This very absorbing documentary shows how adventure can lead to folly and obsession.
Deep Water, in and beyond its name, is accurate and haunting in its account of Englishman Donald Crowhurst who attempted to sail around the globe in 1968.
The conventional non-fiction rendering here with suitable low-key narration by Tilda Swinton works surprisingly to incisive effect after it unfolds after flashbacking from a tremulous moment in 1969.
The British perspective of this kind of oceanic event wasn't dissimilar from the notion of space travel for the U.S. (in the race to get to the moon) at the time. This cinema verite unspools effectively, though not in crowd-pleasing fascination like In the Shadow of the Moon.

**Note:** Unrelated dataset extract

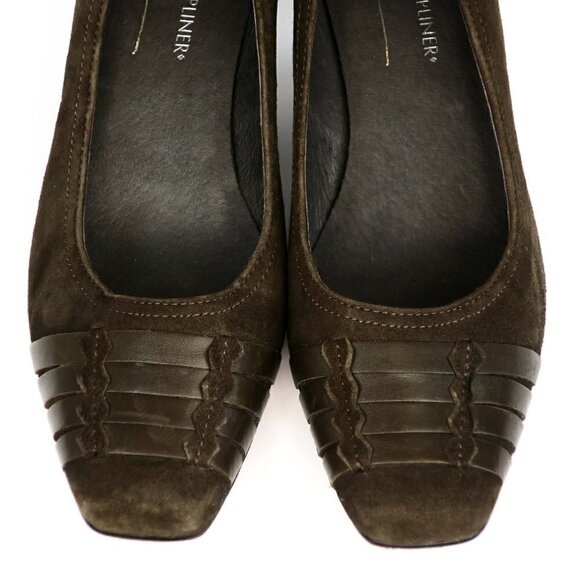 Donald J Pliner Sanchi Blunt Toe 2" Kitten Heel - Picture 3 of 7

How aspirations can lead to sobering moments for oneself and their family become the heart of an enormous undertaking by Crowhurst. He'd mortgage his house and really distance himself from his family, wife Clare, and four children, including son Simon. This owner of an electronics shop which sold navigation equipment would participate in a race where nine contestants would be reduced to four, and, ultimately, one.
Without divulging too much of a tale maybe not widely known, especially to those of the current generation, Crowhurst was a bright, yet troubled individual. He put his family's livelihood and emotional well-being on the line by the funding from those involved with London's Sunday Times. The long-time isolation from the start in May of 1968 would be foreshadowed perhaps by the number of times of trying to break a bottle of champagne.
Like Moon there is some amazing archival material on view from Crowhurst's old audio recordings, 16 mm footage, and photographs. Also, some telling and wrenching interviews with Clare and Simon that help one understand (to a degree) this mysterious husband and father perhaps looking for immortality on the high seas. Directors Louise Osmond and Jerry Rothwell have made the anxiety and loneliness quite an experience in this tautly made documentary.